Serra de Tramuntana (oeste): la cordillera del noroeste es el corazón del ciclismo en Mallorca. Subidas legendarias como Sa Calobra, el Coll de Sóller, el Puig Major (el puerto más alto de la isla) y la ruta al Cap de Formentor atraen cada año a miles de ciclistas de carretera. Pueblos como Sóller, Valldemossa, Banyalbufar y Andratx son metas de etapa perfectas. Aquí cada desarrollo cuenta: una bici de carretera de carbono ligera o una e-road con asistencia del motor marcan la diferencia.
Norte / bahía de Alcúdia: alrededor de Alcúdia, Port d'Alcúdia, Playa de Muro, Can Picafort y Pollença empieza para muchos el día ciclista perfecto. La región es la zona clásica de concentraciones: tramos llanos de calentamiento junto a la costa, desde los que puedes desviarte en cualquier momento hacia la Tramuntana o el interior. Desde Port de Pollença sale el clásico hacia el Cap de Formentor, con sus famosas vistas.

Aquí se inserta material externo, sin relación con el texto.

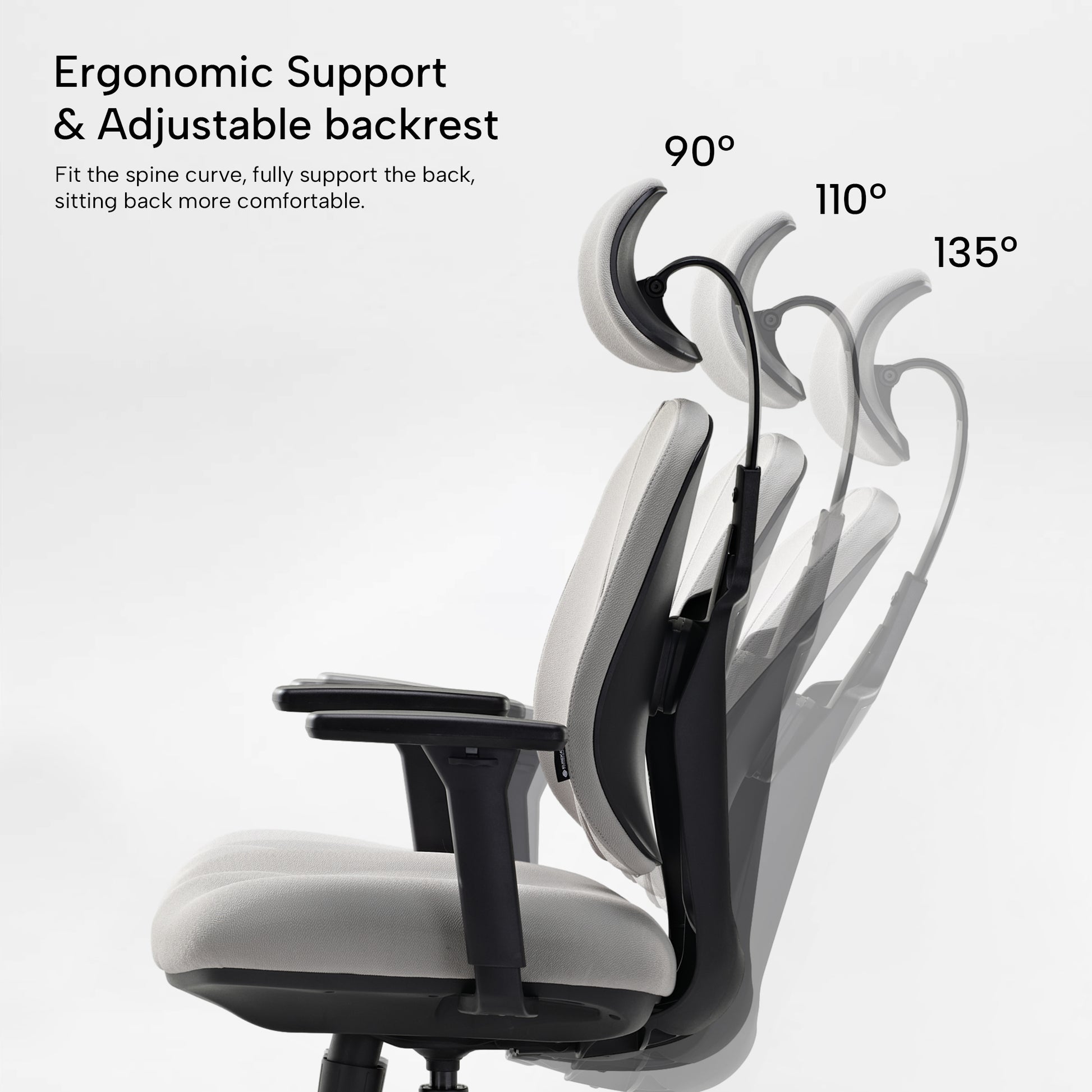 Flex Ergonomic Office Chair Demonstrating Adjustable Backrest Angles for Ergonomic Spine Support and Comfortable Posture.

Este, centro y sur: el este alrededor de Artà, Capdepera, Cala Ratjada y Cala Millor ofrece rutas tranquilas y onduladas con poco tráfico. El centro (Es Pla), con Sa Pobla, Santa Margalida, Petra, Sineu y Manacor, es un terreno ondulado y disfrutón, ideal para largas salidas de base y rutas de gravel por caminos rurales. En el sur, alrededor de Palma, Llucmajor, Cap Blanc, Santanyí y Ses Salines, te esperan carreteras amplias y solitarias y bonitos tramos de costa.